“The Abolitionists! Get the Abolitionists! They are behind John Brown!”

Amelia read of letters and papers found in the farmhouse near Harper’s Ferry. “Many people are implicated! Indictments being drawn up!” She looked at Jack, her face white.

“Do you suppose—could it be—would he be among them?” She bit her trembling lips.

Jack Haley frowned. He had heard talk at the office. He knew they were looking for Frederick Douglass. He knew they would hang this Negro whom they hated and feared more than a dozen white men—if they got him. He patted Amelia on the shoulder.

“I wouldn’t worry,” he comforted her. “Your Frederick is a smart man.”

“He might be needed to testify—he may have something to say.” Amelia was certain Frederick Douglass would not turn aside from his duty.

“He is not a fool,” Jack said, shaking his head. “The Dred Scott decision renders his word useless. No word of his can help John Brown.”

Amelia heard the bitterness in Jack’s voice and she sighed. Time had dealt kindly with Amelia. At sixty her step was more elastic, her skin smoother and her shoulders straighter than the day, fifteen years before, when she had walked away from Covey’s place. Mrs. Royall, intrepid journalist, was dead. Amelia had stayed on in the house, assumed the mortgage, and took in as roomers a score of clerks and secretaries who labored in the government buildings a few blocks away. “Miss Amelia’s” house was popular, and her rooms were in demand.

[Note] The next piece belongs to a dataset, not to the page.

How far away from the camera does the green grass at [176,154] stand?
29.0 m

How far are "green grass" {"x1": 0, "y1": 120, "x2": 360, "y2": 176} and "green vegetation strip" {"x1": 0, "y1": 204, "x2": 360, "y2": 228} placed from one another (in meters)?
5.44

Jack had married and talked of going away, of starting his own paper, of becoming a power in one of the new publishing houses—Then suddenly, during a sleeting winter, an epidemic had struck Washington. Afterward, there had been quite a stir about “cleaning up the city.” Certain sections had got new sewers and rubbish was collected. But Jack’s wife was dead. So a grim-faced, older Jack had moved in with Amelia. He had stayed on with the paper, contemptuous of much he saw and heard. For Jack Haley, as for many people in the United States the fall of 1859, John Brown cleared the air. Somebody’s doing something, thank God!

Amelia continued to scan the papers, dreading to see Frederick Douglass’ name. And one day she did, but as she read farther a smile lit up her face. The story was an angry denunciation of “this Frederick Douglass” by Governor Wise of Virginia. Douglass, he announced, had slipped through their fingers. He was known to have boarded a British steamer bound for England. “Could I overtake that vessel,” the Governor was quoted as saying, “I would take him from her deck at any cost.”